» Aim of the task
Within the material below, locate the line with "chibalotte_pr's tweet photo." and the line with "#chibalotte #広報 https://t.co/OHRzfiWIEe", then return those two lines and all lines between them, exactly as written.

» Listed entries
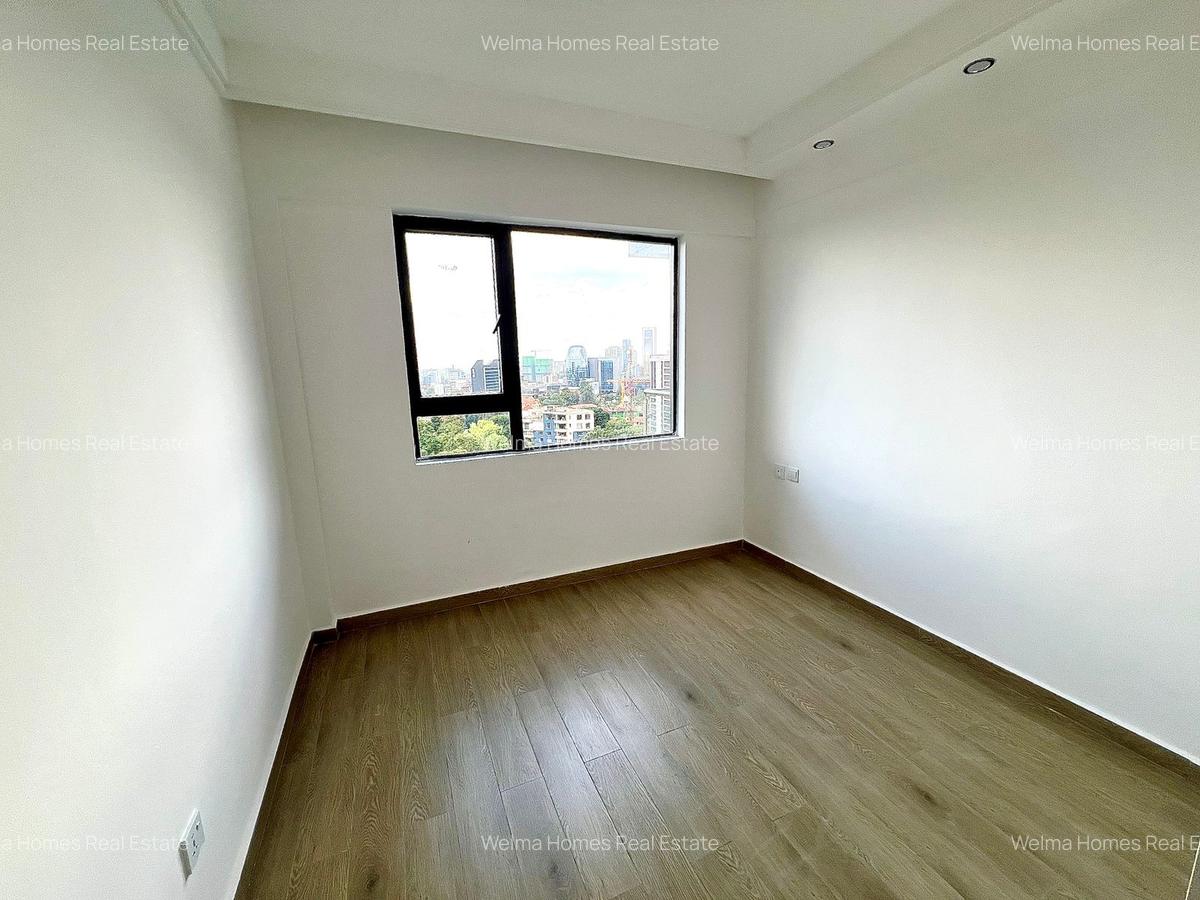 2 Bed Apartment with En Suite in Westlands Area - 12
---
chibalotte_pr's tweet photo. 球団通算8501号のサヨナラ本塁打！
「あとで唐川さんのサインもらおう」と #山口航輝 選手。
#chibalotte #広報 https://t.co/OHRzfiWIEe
==
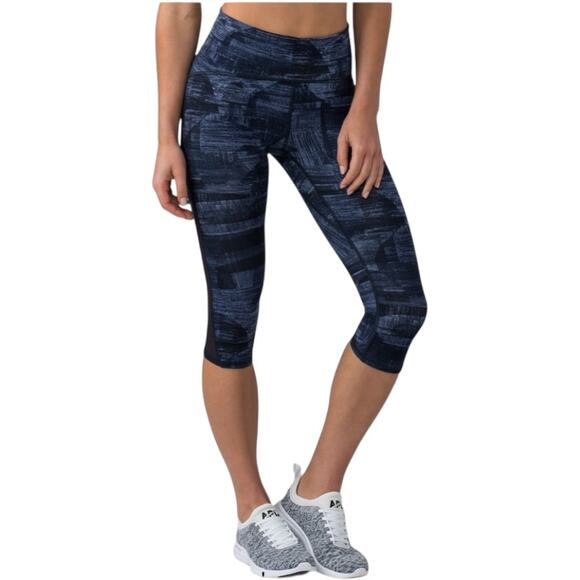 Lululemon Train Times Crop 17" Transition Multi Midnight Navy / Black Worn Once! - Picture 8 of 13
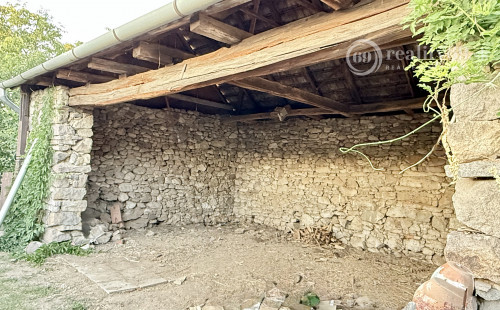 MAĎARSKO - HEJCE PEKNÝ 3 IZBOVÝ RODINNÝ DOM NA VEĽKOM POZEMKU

» Response to this exercise
chibalotte_pr's tweet photo. 球団通算8501号のサヨナラ本塁打！
「あとで唐川さんのサインもらおう」と #山口航輝 選手。
#chibalotte #広報 https://t.co/OHRzfiWIEe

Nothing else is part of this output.